Lamentablemente, a lo que hemos asistido, es demasiado real, demasiado recurrente, una práctica demasiado amplia y nos interpela hasta los huesos.
Recuerdo la situación de una mujer que había sido objeto de acosos de índole sexual en la academia. Bajo ningún concepto, quiso denunciar. ¿Por qué? Por algo que ella llamó “suicidio académico”. Con esto se refería a que el acosador, que pertenecía a su ámbito de desempeño investigativo y que tenía un lugar respetado al interior de las redes nacionales e internacionales de la misma, destruiría su carrera. La que tanto le estaba costando construir, agregó.
Denunciarlo, decía, era cerrarse todas las puertas y, más que justicia, obtendría un mayor castigo. Su desprestigio, su exposición y su expulsión. Este, no era un temor infundado. Era una posibilidad demasiado cierta. Casos como estos, no son aislados, como sabemos. Solo como ejemplo, imposible olvidar las declaraciones de Gabriel Salazar, aduciendo a las “pintiparadas” mujeres víctimas de acoso.
El caso de Nabila, ha pasado a ser un ejemplo paradigmático que refleja este estado de cosas donde las víctimas, más que justicia, se arriesgan a recibir los máximos castigos por parte de la sociedad y de manera muy similar a aquellos países - que supuestamente nos horrorizan - donde azotan a las mujeres que son violadas o las obligan a casarse con sus victimarios.
Demasiado similar, pero “a la chilena”, donde las víctimas son expuestas, donde se transgrede la línea del pudor y la decencia, y se transforma a la mujer violentada en una gran casa de vidrio donde nos enteramos hasta de sus aromas más íntimos.

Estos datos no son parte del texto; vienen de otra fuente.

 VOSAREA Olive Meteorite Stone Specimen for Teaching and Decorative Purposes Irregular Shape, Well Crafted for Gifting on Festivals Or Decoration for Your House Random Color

Del victimario, obviamente, no sabemos nada. Toda la atención está puesta en la víctima, siendo el victimario una imagen silente e intocable entre tanta atrocidad.

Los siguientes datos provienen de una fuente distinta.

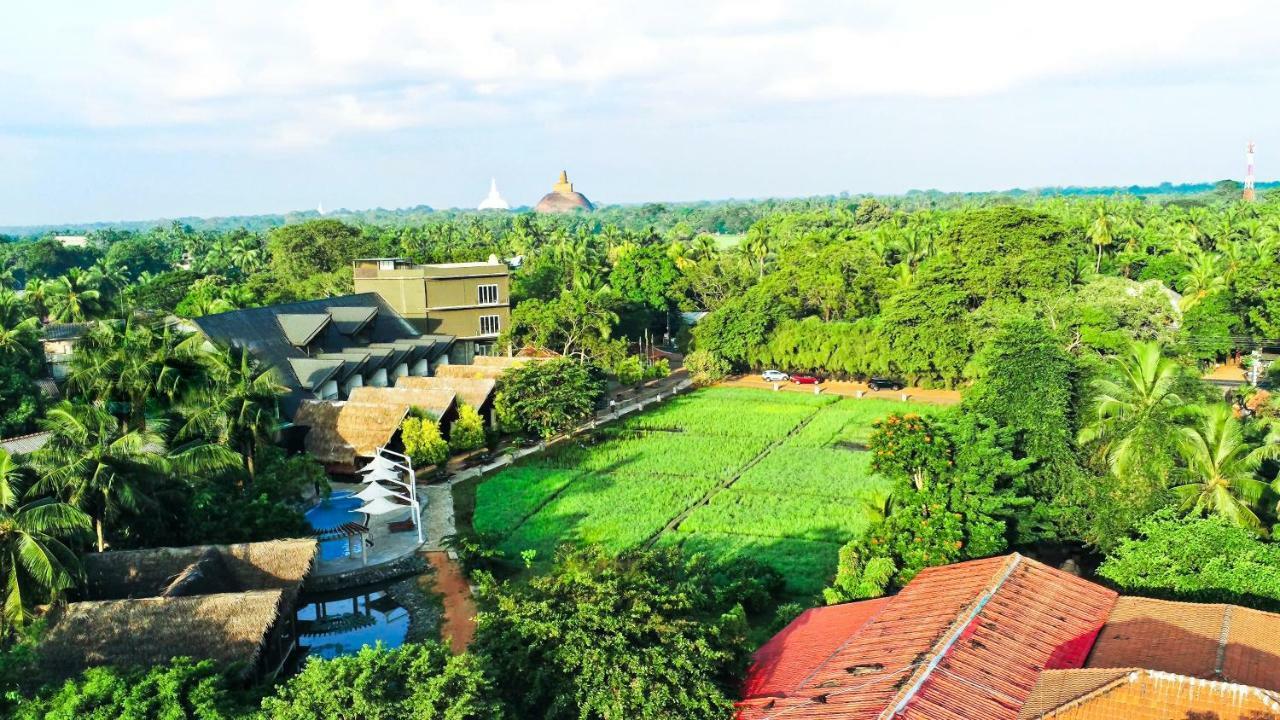 Avasta Resort And Spa Anuradhapura Dış mekan fotoğraf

Hemos podido observar cómo nuestro sistema de justicia no está a la altura de estas causas, confundiendo el derecho a la legítima defensa de un acusado, con la denostación necesaria y repugnante de una víctima.

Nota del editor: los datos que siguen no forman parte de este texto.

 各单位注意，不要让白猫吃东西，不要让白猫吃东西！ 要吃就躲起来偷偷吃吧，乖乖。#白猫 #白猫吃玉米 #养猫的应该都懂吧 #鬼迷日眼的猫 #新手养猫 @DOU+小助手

También nos ha enfrentado con medios de comunicación que en vez de ayudar a educar a una ciudadanía ignorante sobre la violencia de género, banaliza al máximo esta situación, transformándola en un reality de mal gusto y violento que profundiza los prejuicios que sostienen la base de la violencia.
A su vez, y no puedo dejar de referirme a ello, nos ha enfrentado a profesionales psicólogos, que se aducen el derecho de opinar sobre “perfiles”, “conductas” e “interpretaciones”, que solo transgreden el principio básico de la profesión que es, en primer lugar, jamás identificarse con el lugar del saber general y la verdad, y, por otro, siempre estar a la altura del dolor del otro. Algo que me parece inaceptable y que solo contribuye a la invisibilización de la complejidad humana.
Tenemos el gran desafío y la oportunidad de propinar un cambio profundo. De enviar un mensaje claro a las víctimas de violencia haciéndolas saber que no estarán nunca más solas. Para ello, debemos alejarnos lo más posible de las prácticas en la que históricamente hemos incurrido, cambiar los paradigmas y, de una vez por todas, entender que estamos del lado de las víctimas.
Mientras esto no ocurra, seguiremos sosteniendo y validando la violencia hacia las mujeres, favoreciendo que no se denuncie a los agresores, porque la sociedad toda parece estar con ellos.
Ni una menos, a causa de la violencia machista. Y ni una más siendo apedreada en la plaza pública por ser víctima de su género.